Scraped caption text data
_ _ _ _ _ _ _

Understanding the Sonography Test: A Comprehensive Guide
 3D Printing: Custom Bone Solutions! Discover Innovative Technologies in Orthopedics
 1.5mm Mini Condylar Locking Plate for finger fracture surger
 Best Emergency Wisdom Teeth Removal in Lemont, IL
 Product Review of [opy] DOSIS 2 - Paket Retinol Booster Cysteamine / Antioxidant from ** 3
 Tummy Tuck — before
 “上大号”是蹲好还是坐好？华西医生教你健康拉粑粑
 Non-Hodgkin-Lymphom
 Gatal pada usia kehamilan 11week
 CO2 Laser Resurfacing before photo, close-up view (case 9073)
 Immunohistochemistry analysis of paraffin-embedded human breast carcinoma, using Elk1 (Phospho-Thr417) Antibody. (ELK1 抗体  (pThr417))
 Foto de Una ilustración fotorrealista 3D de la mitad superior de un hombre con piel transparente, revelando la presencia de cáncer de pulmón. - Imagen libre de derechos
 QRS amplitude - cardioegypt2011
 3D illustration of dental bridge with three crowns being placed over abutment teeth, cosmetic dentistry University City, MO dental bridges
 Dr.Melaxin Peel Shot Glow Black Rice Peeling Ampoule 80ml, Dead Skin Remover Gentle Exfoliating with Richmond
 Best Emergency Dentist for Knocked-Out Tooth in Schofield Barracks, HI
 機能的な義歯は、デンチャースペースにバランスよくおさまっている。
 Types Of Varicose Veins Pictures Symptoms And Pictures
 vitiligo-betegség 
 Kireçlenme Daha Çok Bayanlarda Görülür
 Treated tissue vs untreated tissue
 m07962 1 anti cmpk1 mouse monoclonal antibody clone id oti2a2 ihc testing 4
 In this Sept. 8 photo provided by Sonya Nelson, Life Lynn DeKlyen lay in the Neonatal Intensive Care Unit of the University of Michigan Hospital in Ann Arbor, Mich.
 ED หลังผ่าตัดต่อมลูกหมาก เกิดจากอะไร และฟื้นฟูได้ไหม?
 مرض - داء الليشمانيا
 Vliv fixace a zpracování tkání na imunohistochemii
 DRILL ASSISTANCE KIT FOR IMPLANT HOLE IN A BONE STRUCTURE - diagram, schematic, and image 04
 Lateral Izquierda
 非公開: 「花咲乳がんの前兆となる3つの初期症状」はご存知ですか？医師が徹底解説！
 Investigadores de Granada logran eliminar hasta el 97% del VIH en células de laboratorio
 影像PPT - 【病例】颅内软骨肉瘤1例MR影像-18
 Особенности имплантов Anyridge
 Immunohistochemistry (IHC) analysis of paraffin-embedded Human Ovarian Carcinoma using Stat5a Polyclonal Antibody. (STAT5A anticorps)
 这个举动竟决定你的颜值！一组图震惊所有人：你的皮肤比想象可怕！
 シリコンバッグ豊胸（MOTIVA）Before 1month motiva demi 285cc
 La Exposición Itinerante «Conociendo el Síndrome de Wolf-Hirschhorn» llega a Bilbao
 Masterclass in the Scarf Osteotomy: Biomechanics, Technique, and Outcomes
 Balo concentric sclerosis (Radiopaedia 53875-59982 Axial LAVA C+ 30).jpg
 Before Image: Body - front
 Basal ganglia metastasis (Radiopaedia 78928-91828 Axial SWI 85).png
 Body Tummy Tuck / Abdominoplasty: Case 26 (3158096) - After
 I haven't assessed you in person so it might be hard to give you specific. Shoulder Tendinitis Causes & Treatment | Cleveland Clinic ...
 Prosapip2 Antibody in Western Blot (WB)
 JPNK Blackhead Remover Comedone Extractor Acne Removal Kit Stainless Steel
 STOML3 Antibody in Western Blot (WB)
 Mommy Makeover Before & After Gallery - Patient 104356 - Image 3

_ _ _ _ _ _ _

> **What is required**:
Without any change, reproduce the data in full.

> **Completed task**:
Understanding the Sonography Test: A Comprehensive Guide
 3D Printing: Custom Bone Solutions! Discover Innovative Technologies in Orthopedics
 1.5mm Mini Condylar Locking Plate for finger fracture surger
 Best Emergency Wisdom Teeth Removal in Lemont, IL
 Product Review of [opy] DOSIS 2 - Paket Retinol Booster Cysteamine / Antioxidant from ** 3
 Tummy Tuck — before
 “上大号”是蹲好还是坐好？华西医生教你健康拉粑粑
 Non-Hodgkin-Lymphom
 Gatal pada usia kehamilan 11week
 CO2 Laser Resurfacing before photo, close-up view (case 9073)
 Immunohistochemistry analysis of paraffin-embedded human breast carcinoma, using Elk1 (Phospho-Thr417) Antibody. (ELK1 抗体  (pThr417))
 Foto de Una ilustración fotorrealista 3D de la mitad superior de un hombre con piel transparente, revelando la presencia de cáncer de pulmón. - Imagen libre de derechos
 QRS amplitude - cardioegypt2011
 3D illustration of dental bridge with three crowns being placed over abutment teeth, cosmetic dentistry University City, MO dental bridges
 Dr.Melaxin Peel Shot Glow Black Rice Peeling Ampoule 80ml, Dead Skin Remover Gentle Exfoliating with Richmond
 Best Emergency Dentist for Knocked-Out Tooth in Schofield Barracks, HI
 機能的な義歯は、デンチャースペースにバランスよくおさまっている。
 Types Of Varicose Veins Pictures Symptoms And Pictures
 vitiligo-betegség 
 Kireçlenme Daha Çok Bayanlarda Görülür
 Treated tissue vs untreated tissue
 m07962 1 anti cmpk1 mouse monoclonal antibody clone id oti2a2 ihc testing 4
 In this Sept. 8 photo provided by Sonya Nelson, Life Lynn DeKlyen lay in the Neonatal Intensive Care Unit of the University of Michigan Hospital in Ann Arbor, Mich.
 ED หลังผ่าตัดต่อมลูกหมาก เกิดจากอะไร และฟื้นฟูได้ไหม?
 مرض - داء الليشمانيا
 Vliv fixace a zpracování tkání na imunohistochemii
 DRILL ASSISTANCE KIT FOR IMPLANT HOLE IN A BONE STRUCTURE - diagram, schematic, and image 04
 Lateral Izquierda
 非公開: 「花咲乳がんの前兆となる3つの初期症状」はご存知ですか？医師が徹底解説！
 Investigadores de Granada logran eliminar hasta el 97% del VIH en células de laboratorio
 影像PPT - 【病例】颅内软骨肉瘤1例MR影像-18
 Особенности имплантов Anyridge
 Immunohistochemistry (IHC) analysis of paraffin-embedded Human Ovarian Carcinoma using Stat5a Polyclonal Antibody. (STAT5A anticorps)
 这个举动竟决定你的颜值！一组图震惊所有人：你的皮肤比想象可怕！
 シリコンバッグ豊胸（MOTIVA）Before 1month motiva demi 285cc
 La Exposición Itinerante «Conociendo el Síndrome de Wolf-Hirschhorn» llega a Bilbao
 Masterclass in the Scarf Osteotomy: Biomechanics, Technique, and Outcomes
 Balo concentric sclerosis (Radiopaedia 53875-59982 Axial LAVA C+ 30).jpg
 Before Image: Body - front
 Basal ganglia metastasis (Radiopaedia 78928-91828 Axial SWI 85).png
 Body Tummy Tuck / Abdominoplasty: Case 26 (3158096) - After
 I haven't assessed you in person so it might be hard to give you specific. Shoulder Tendinitis Causes & Treatment | Cleveland Clinic ...
 Prosapip2 Antibody in Western Blot (WB)
 JPNK Blackhead Remover Comedone Extractor Acne Removal Kit Stainless Steel
 STOML3 Antibody in Western Blot (WB)
 Mommy Makeover Before & After Gallery - Patient 104356 - Image 3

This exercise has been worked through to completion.